◆ **TASK BRIEF**: Print the data exactly. Omit the pictures.

◆ **RECORD EXTRACTS**:
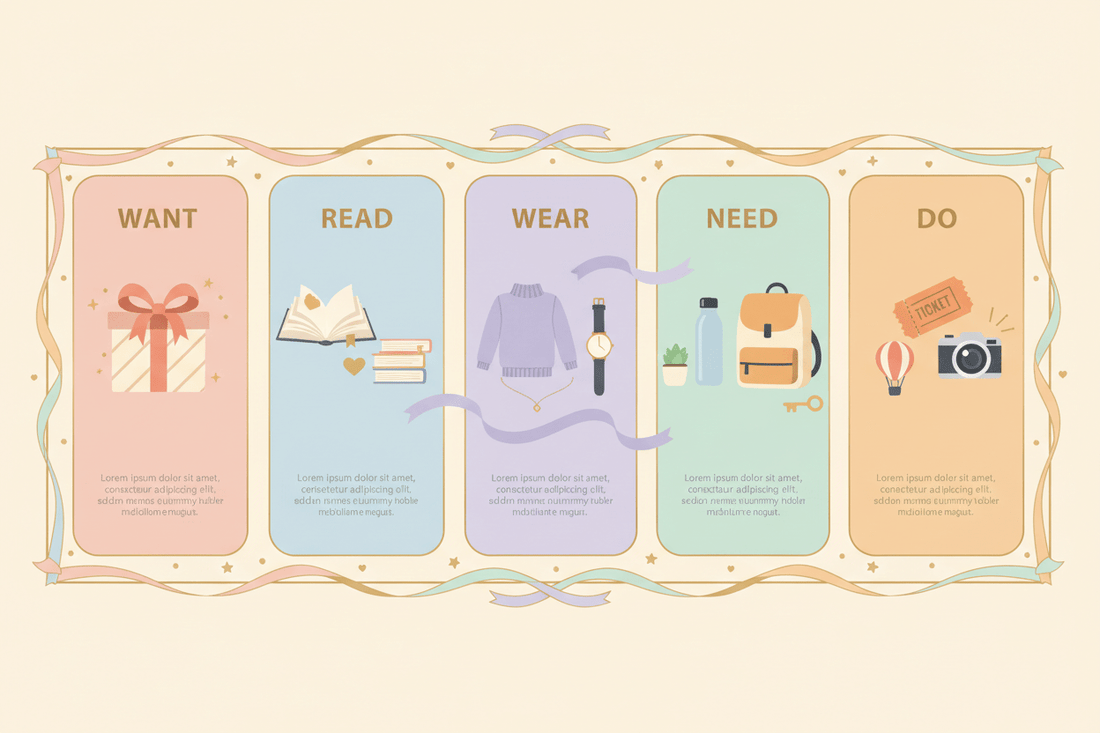 The Five Gift Rule Explained: Want, Read, Wear, Need, Do - GiftWave.co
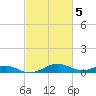 Long Beach tide chart for Sunday, March 5, 2023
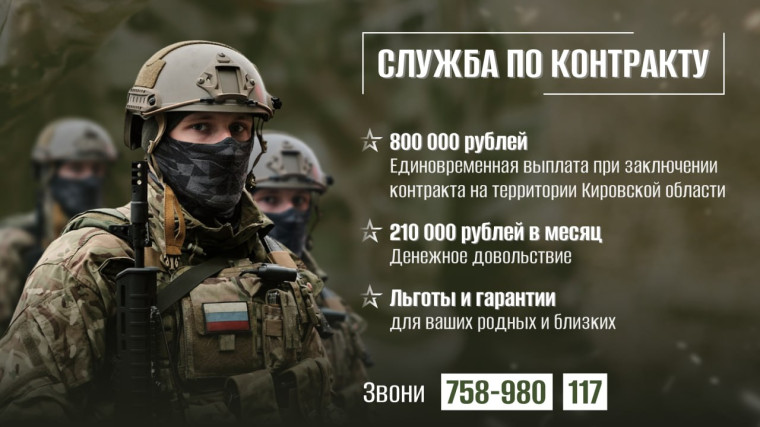 Меры поддержки участникам СВО и их семьям. Меры поддержки участникам СВО и их семьям.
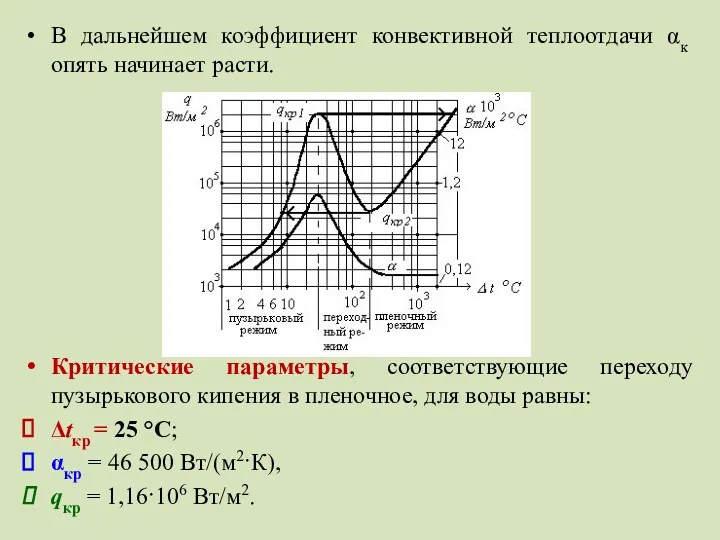 В дальнейшем коэффициент конвективной теплоотдачи αк опять начинает расти. Критические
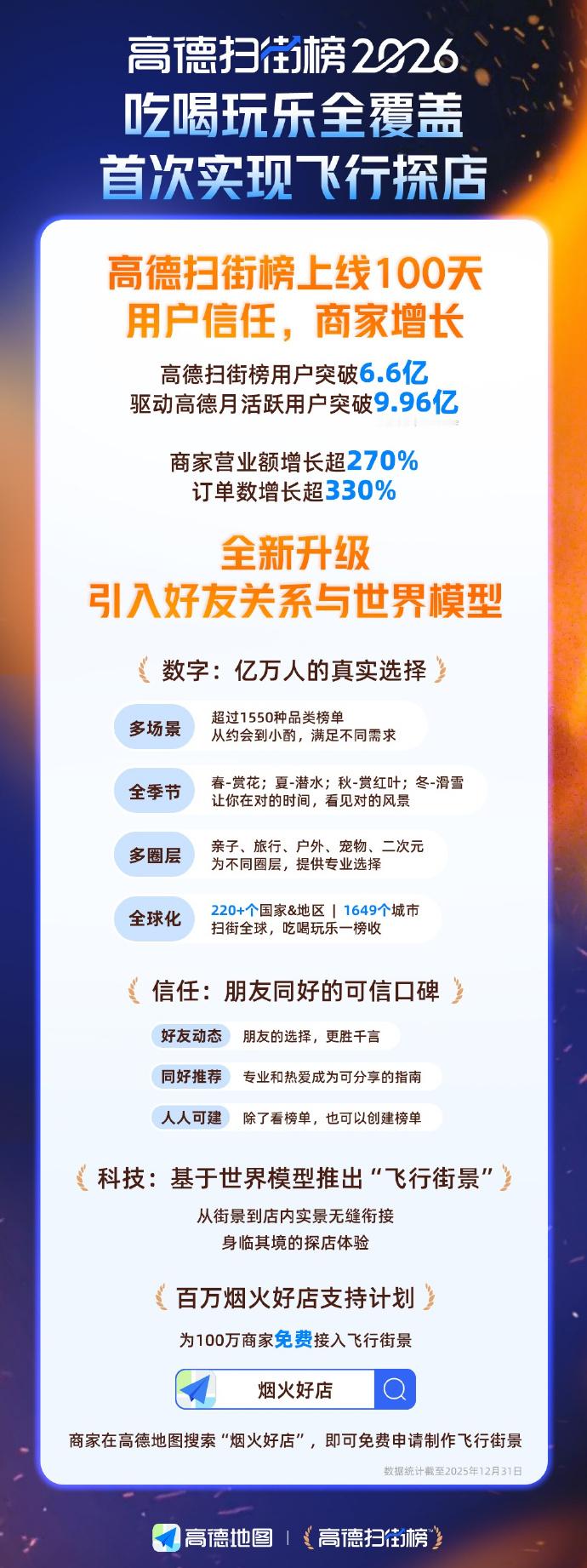 全球范围首度实现飞行实景探店 高德全球首发“飞行街景”，用动态实景带你先“飞”到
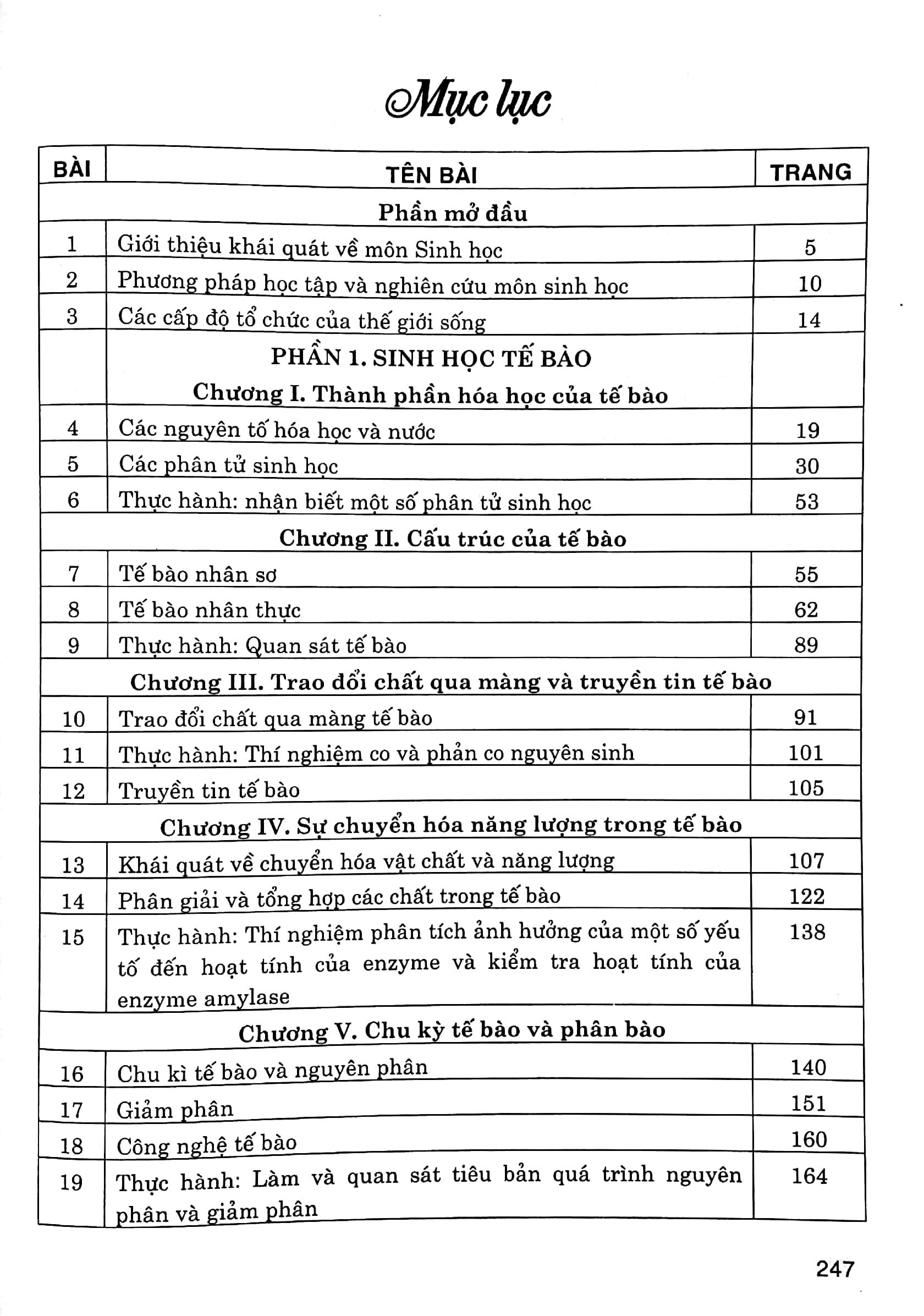 Hướng Dẫn Tự Học Sinh Học 10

◆ **TASK OUTPUT**:
 The Five Gift Rule Explained: Want, Read, Wear, Need, Do - GiftWave.co
 Long Beach tide chart for Sunday, March 5, 2023
 Меры поддержки участникам СВО и их семьям. Меры поддержки участникам СВО и их семьям.
 В дальнейшем коэффициент конвективной теплоотдачи αк опять начинает расти. Критические
 全球范围首度实现飞行实景探店 高德全球首发“飞行街景”，用动态实景带你先“飞”到
 Hướng Dẫn Tự Học Sinh Học 10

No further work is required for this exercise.